→ Task statement: With pictures left out, output exactly the lines from the line holding "(Style A13) Protective" through the end of the data, both included.

→ Task inputs:
□ □ □ □ □

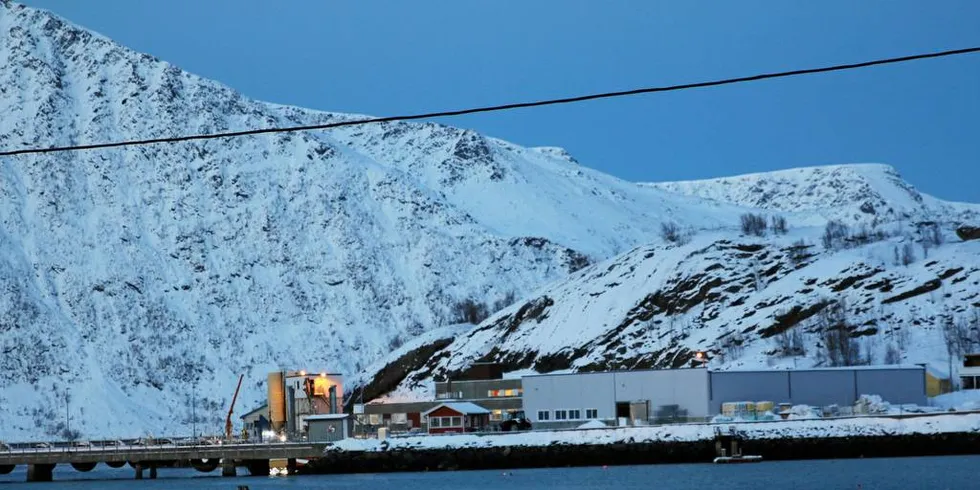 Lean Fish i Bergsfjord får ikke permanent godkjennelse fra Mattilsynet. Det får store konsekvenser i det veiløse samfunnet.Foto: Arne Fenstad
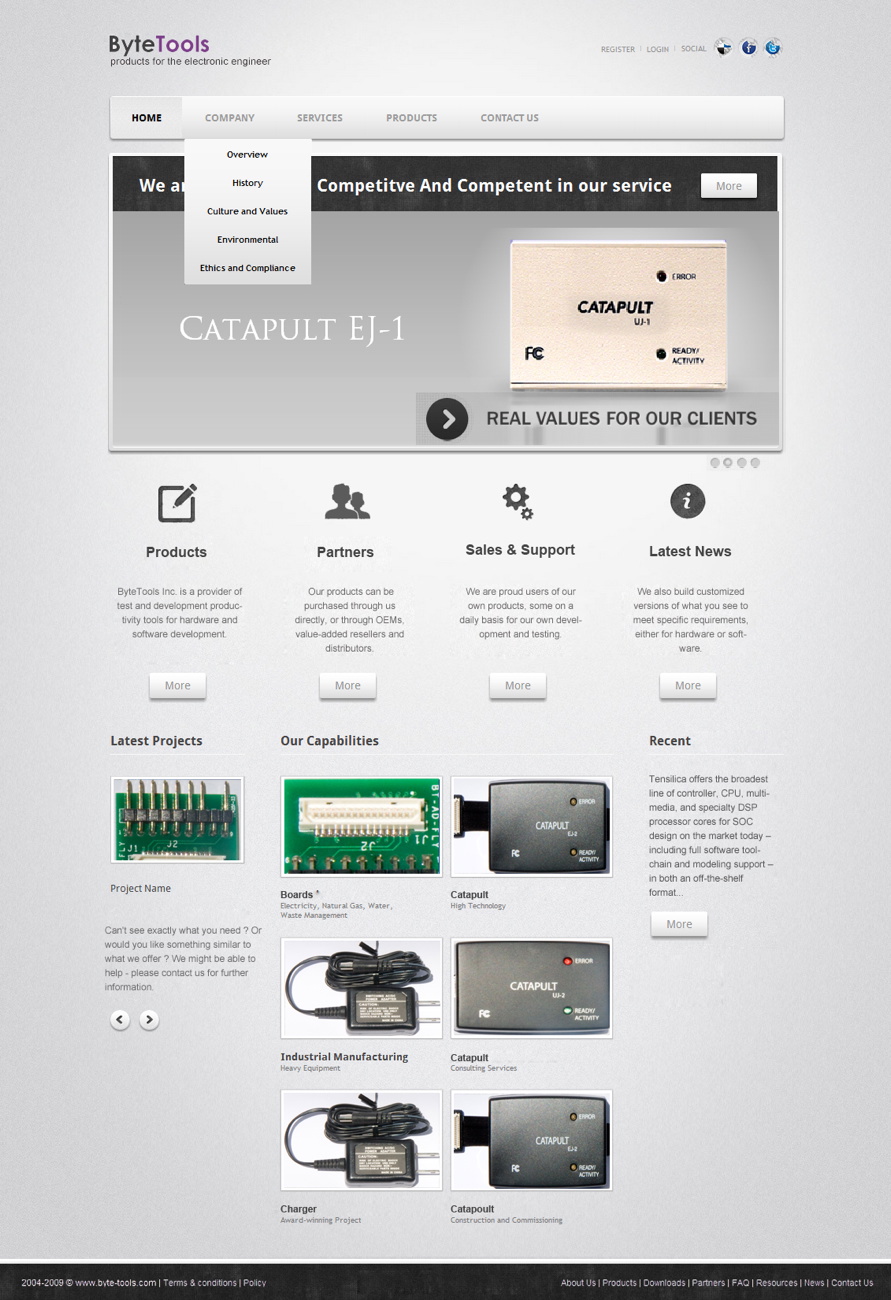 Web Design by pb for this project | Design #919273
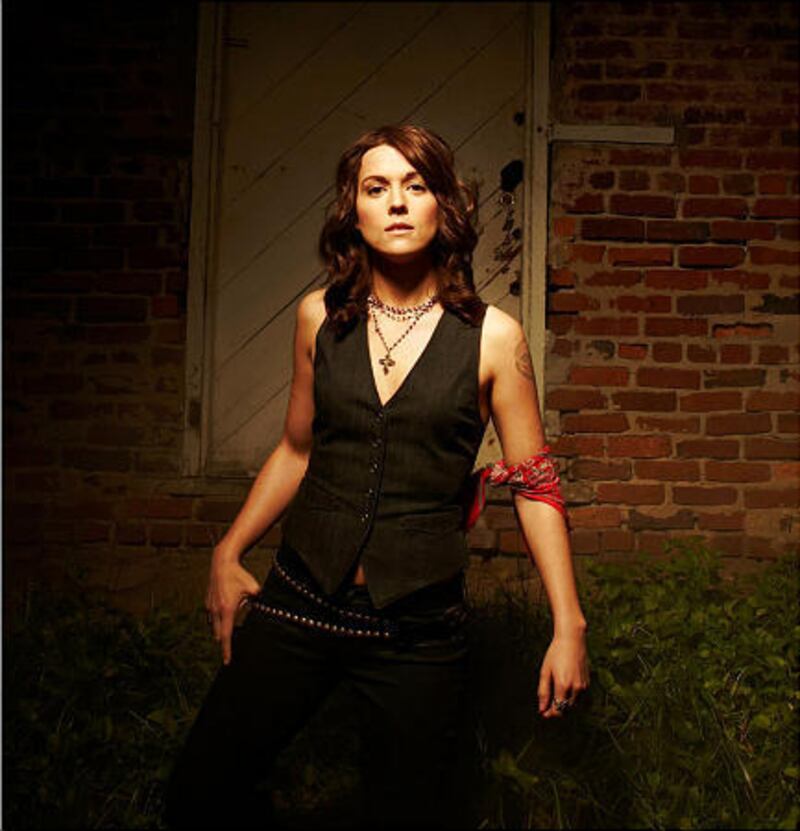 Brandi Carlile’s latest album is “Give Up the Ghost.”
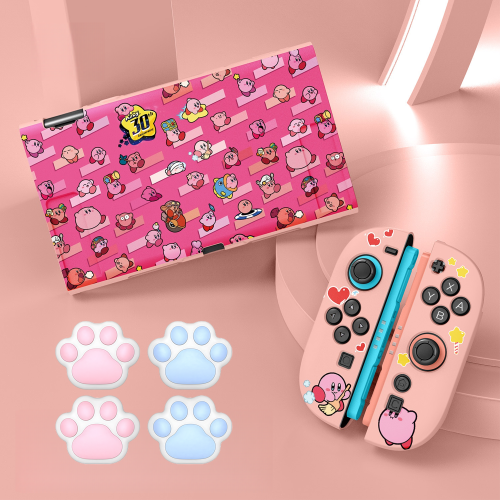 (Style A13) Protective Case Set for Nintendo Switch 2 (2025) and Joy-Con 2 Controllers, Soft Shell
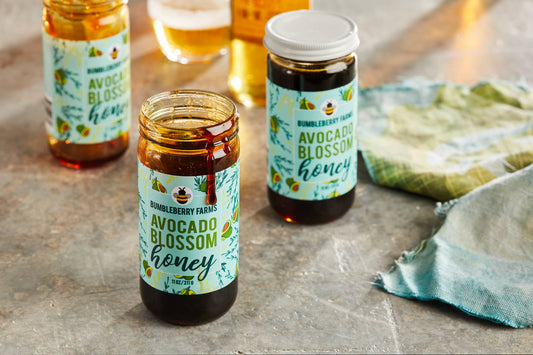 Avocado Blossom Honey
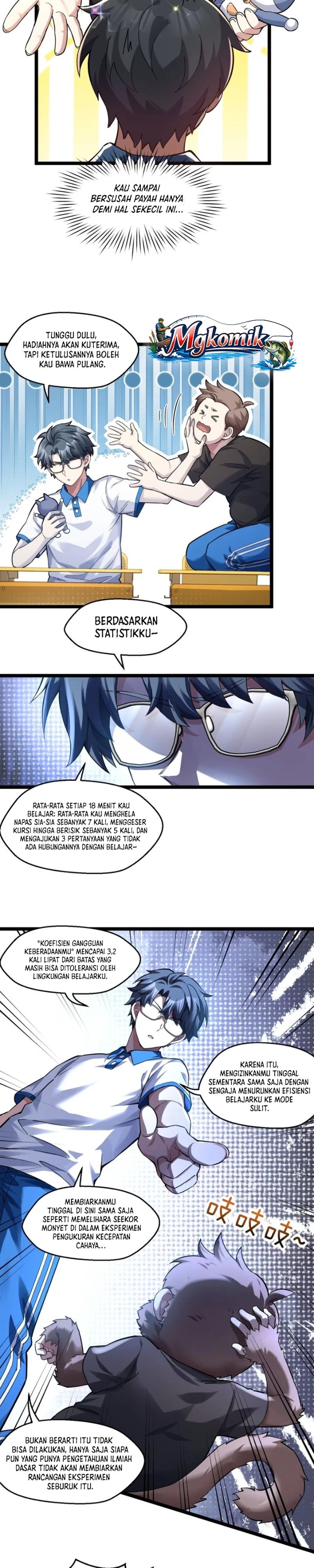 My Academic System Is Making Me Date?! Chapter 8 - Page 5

□ □ □ □ □

→ Answer:
 (Style A13) Protective Case Set for Nintendo Switch 2 (2025) and Joy-Con 2 Controllers, Soft Shell
 Avocado Blossom Honey
 My Academic System Is Making Me Date?! Chapter 8 - Page 5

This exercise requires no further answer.